What's the weather like?
Summery, without being sweltering. In Johannesburg, the country's commercial capital, the weather is mild all year round, but can get cool at night. Durban, the biggest port, is hot and sometimes humid, a beach paradise. And in Cape Town, where travellers flock to admire one of the world's most spectacular settings, the weather is usually warm, though temperamental. If you're visiting from the Northern Hemisphere, just remember: when it's winter over there, it's summer over here.
Is it a big country?
To a European, yes. The country straddles 1.2-million square kilometres, as big as several European countries put together. To an American, maybe not - it's an eighth the size of the USA. Still, it's more than a day's drive down the highway from Johannesburg in the north to Cape Town in the south (if you're driving sensibly), with the topography ranging across the spectrum from lush green valleys to semi-desert.
Are there big cities with modern amenities?
There's more to Africa than lions. Johannesburg, a city of skyscrapers, sprawls wider than London or New York. The lights work, the water flows, there are multi-lane highways and - unfortunately - traffic jams. You can book into a Hilton or a Hyatt or a Holiday Inn and eat at cosmopolitan restaurants serving anything from sushi to burgers to crocodile steaks. Or you can lie back on a couch and choose from five analogue and over 50 digital satalite TV channels.
What are the big cities?
South Africa has two capitals. Cape Town, the oldest city, is the legislative capital, where Parliament sits. Pretoria, 1 500 kilometres to the north, is the executive capital, where the government administration is housed. Next door to Pretoria, and close enough that the outer suburbs merge, is the commercial centre of Johannesburg, once the world's greatest gold mining centre, now increasingly dominated by modern financial and service sectors. The third-biggest city is Durban, a fast-growing port on the eastern coast, and the supply route for most goods to the interior.
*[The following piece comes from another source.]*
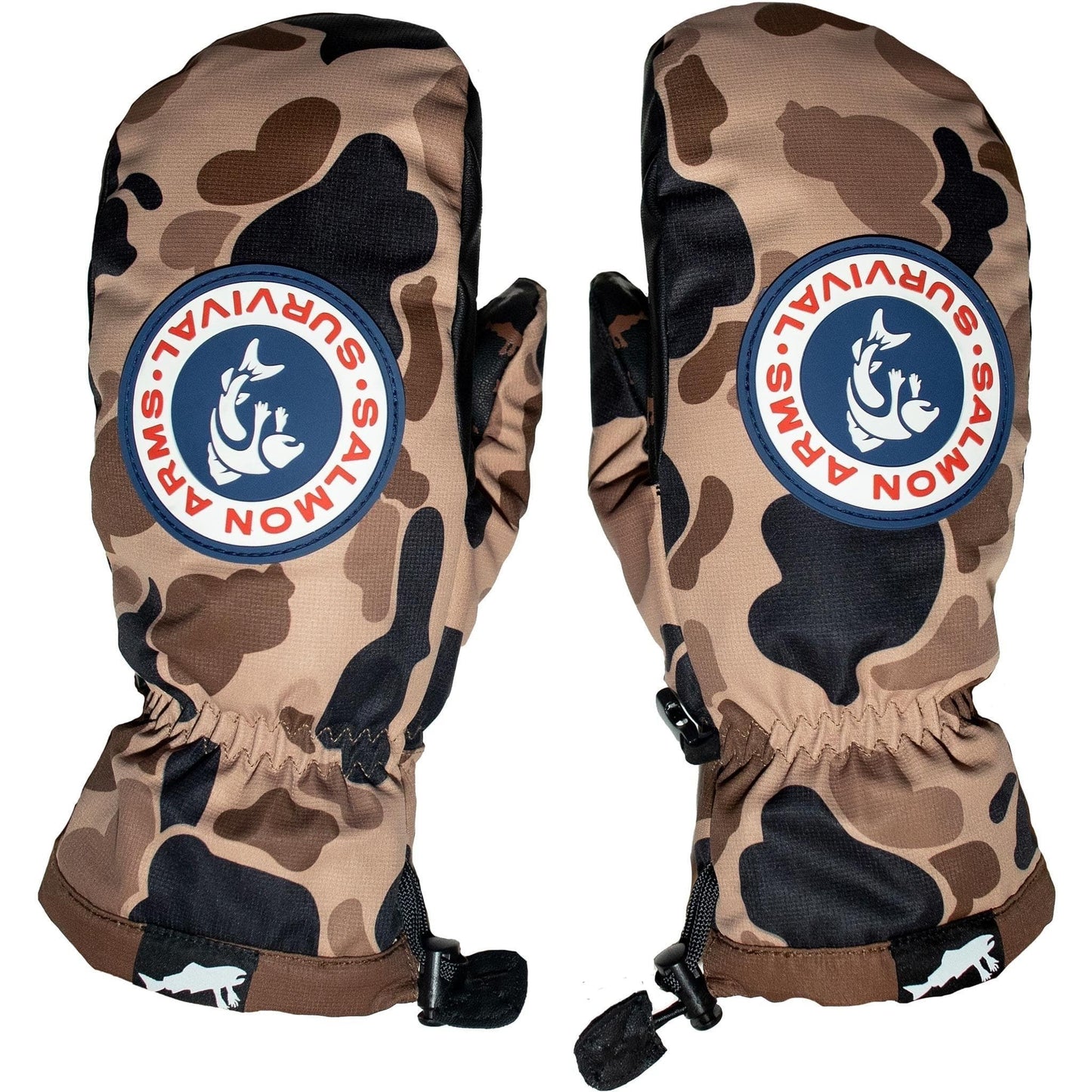 2025 SALMON ARMS TEAM MITT SURVIVAL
You say the roads are tarred?
Yes, even in the smallest towns. The major centres are connected by over 9 000 kilometres of tarred and regularly maintained national highways, including over 2 000 kilometres of dual carriageway, and the numbers are increasing steadily. The national railway has some 30 000 kilometres of rail track connecting the smallest hamlets. Over 50 airlines and more than 20 million passengers a year move through South Africa's nine principal airports, including the three major international airports in Johannesburg, Cape Town and Durban.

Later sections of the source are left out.